### Your task
Leave out any picture and return the remaining listing below exactly as given.

### Working data

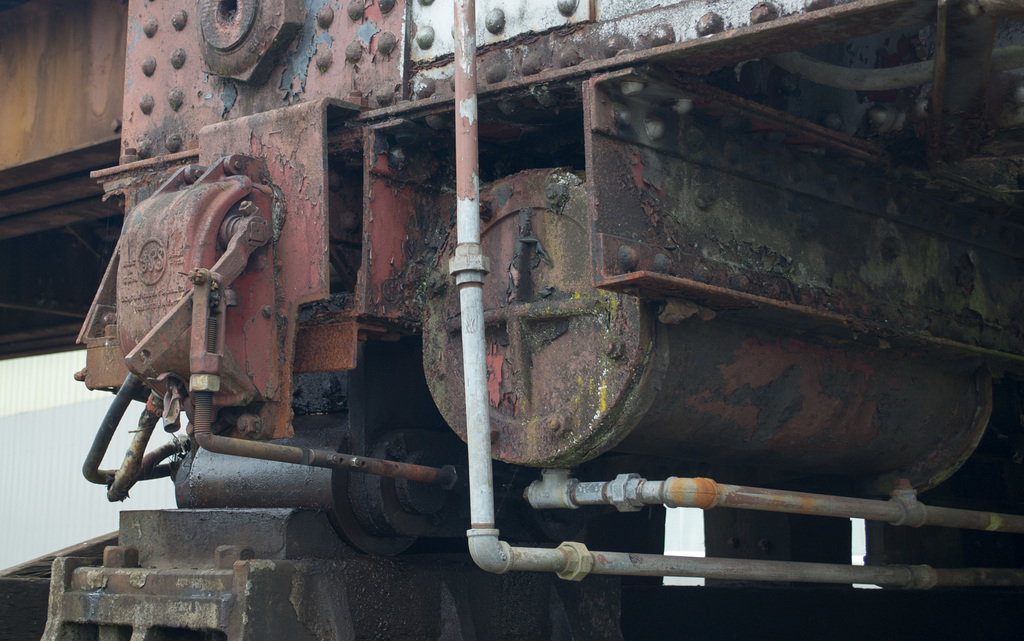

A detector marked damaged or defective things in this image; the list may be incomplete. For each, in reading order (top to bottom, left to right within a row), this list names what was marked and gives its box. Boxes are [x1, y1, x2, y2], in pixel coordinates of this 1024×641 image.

corroded rivet [171, 9, 187, 30]
corroded rivet [171, 48, 187, 69]
corroded rivet [316, 45, 332, 71]
corroded rivet [316, 4, 336, 27]
corroded rivet [346, 41, 362, 63]
corroded rivet [348, 0, 364, 21]
corroded rivet [374, 30, 394, 55]
corroded rivet [414, 26, 434, 49]
corroded rivet [486, 8, 506, 34]
corroded rivet [556, 48, 580, 69]
corroded rivet [600, 35, 632, 58]
corroded rivet [652, 24, 676, 47]
corroded rivet [696, 12, 728, 36]
corroded rivet [748, 2, 780, 23]
corroded rivet [484, 62, 508, 84]
corroded rivet [168, 87, 184, 110]
corroded rivet [412, 77, 436, 99]
corroded rivet [644, 115, 668, 140]
corroded rivet [165, 132, 183, 152]
corroded rivet [616, 244, 640, 272]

### Answer
A detector marked damaged or defective things in this image; the list may be incomplete. For each, in reading order (top to bottom, left to right within a row), this list names what was marked and gives its box. Boxes are [x1, y1, x2, y2], in pixel coordinates of this 1024×641 image.

corroded rivet [171, 9, 187, 30]
corroded rivet [171, 48, 187, 69]
corroded rivet [316, 45, 332, 71]
corroded rivet [316, 4, 336, 27]
corroded rivet [346, 41, 362, 63]
corroded rivet [348, 0, 364, 21]
corroded rivet [374, 30, 394, 55]
corroded rivet [414, 26, 434, 49]
corroded rivet [486, 8, 506, 34]
corroded rivet [556, 48, 580, 69]
corroded rivet [600, 35, 632, 58]
corroded rivet [652, 24, 676, 47]
corroded rivet [696, 12, 728, 36]
corroded rivet [748, 2, 780, 23]
corroded rivet [484, 62, 508, 84]
corroded rivet [168, 87, 184, 110]
corroded rivet [412, 77, 436, 99]
corroded rivet [644, 115, 668, 140]
corroded rivet [165, 132, 183, 152]
corroded rivet [616, 244, 640, 272]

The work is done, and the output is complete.